PROVIDED DATA:
☆ ☆ ☆ ☆ ☆

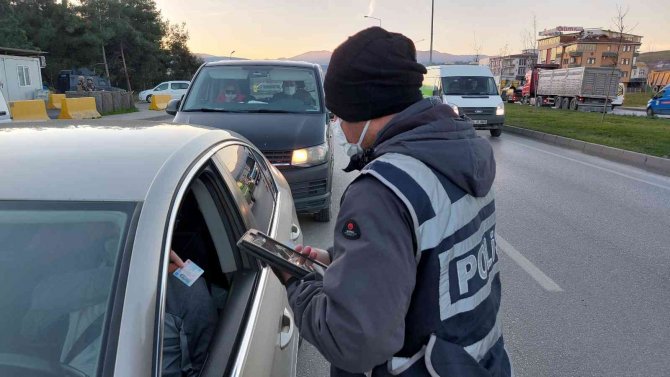 Samsun’da Polisten Hes Ve Gbt Uygulaması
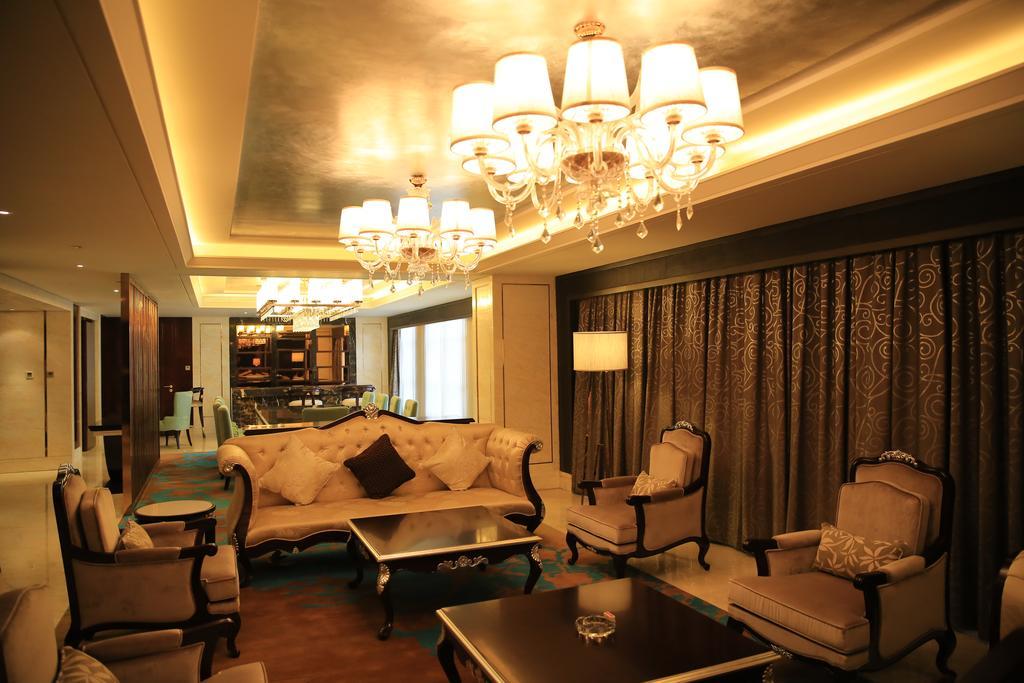 Hotel Ramada Yiyang Taojiang Zewnętrze zdjęcie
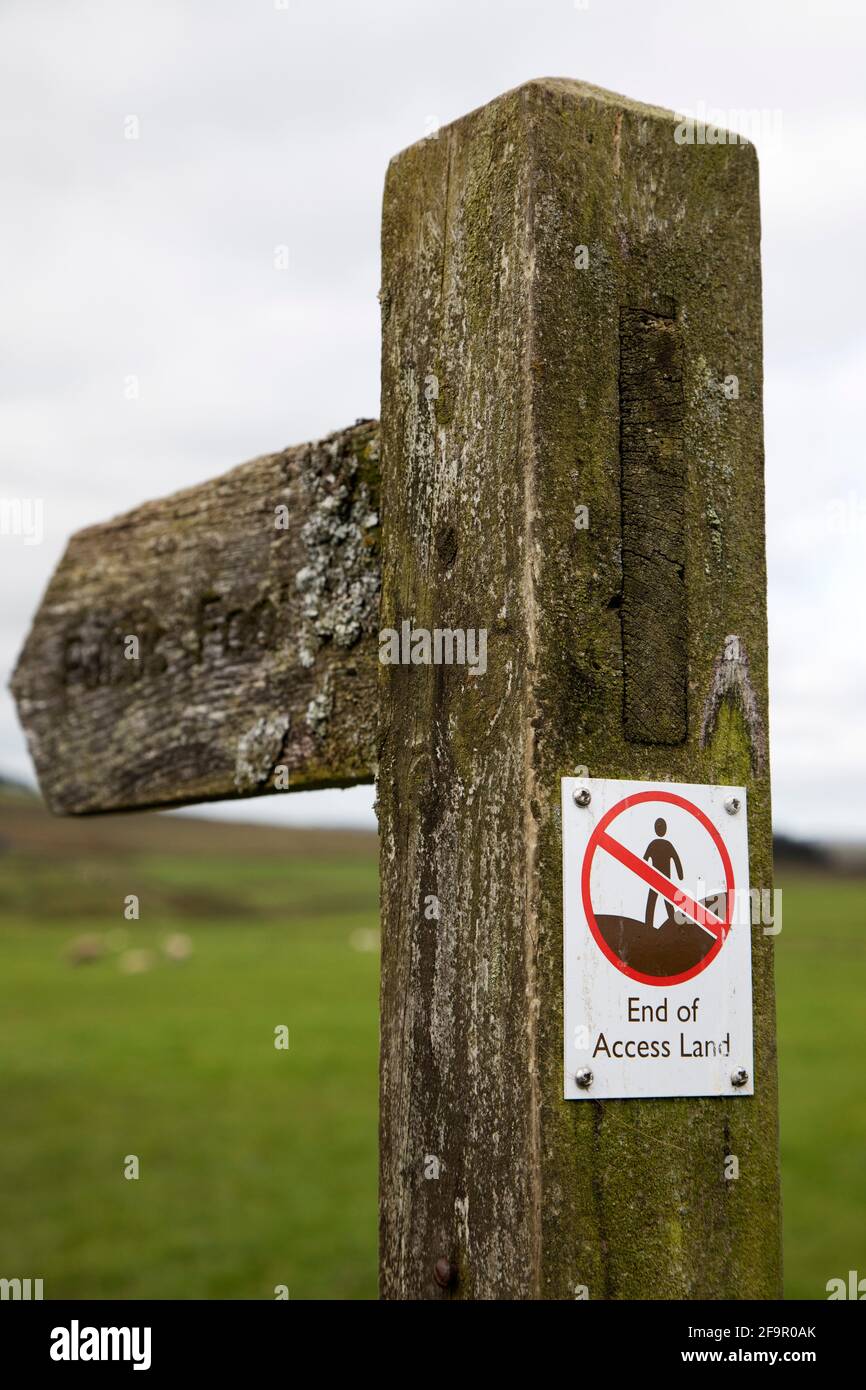 Melden Sie sich im Northumberland National Park in Northumberland, England an. Das Schild markiert einen Fußweg. Stockfoto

☆ ☆ ☆ ☆ ☆

EXERCISE OBJECTIVE:
Lines from the one containing "Hotel Ramada Yiyang" through the end of the material above must be reproduced exactly; pictures must not be.

TASK RESPONSE:
 Hotel Ramada Yiyang Taojiang Zewnętrze zdjęcie
 Melden Sie sich im Northumberland National Park in Northumberland, England an. Das Schild markiert einen Fußweg. Stockfoto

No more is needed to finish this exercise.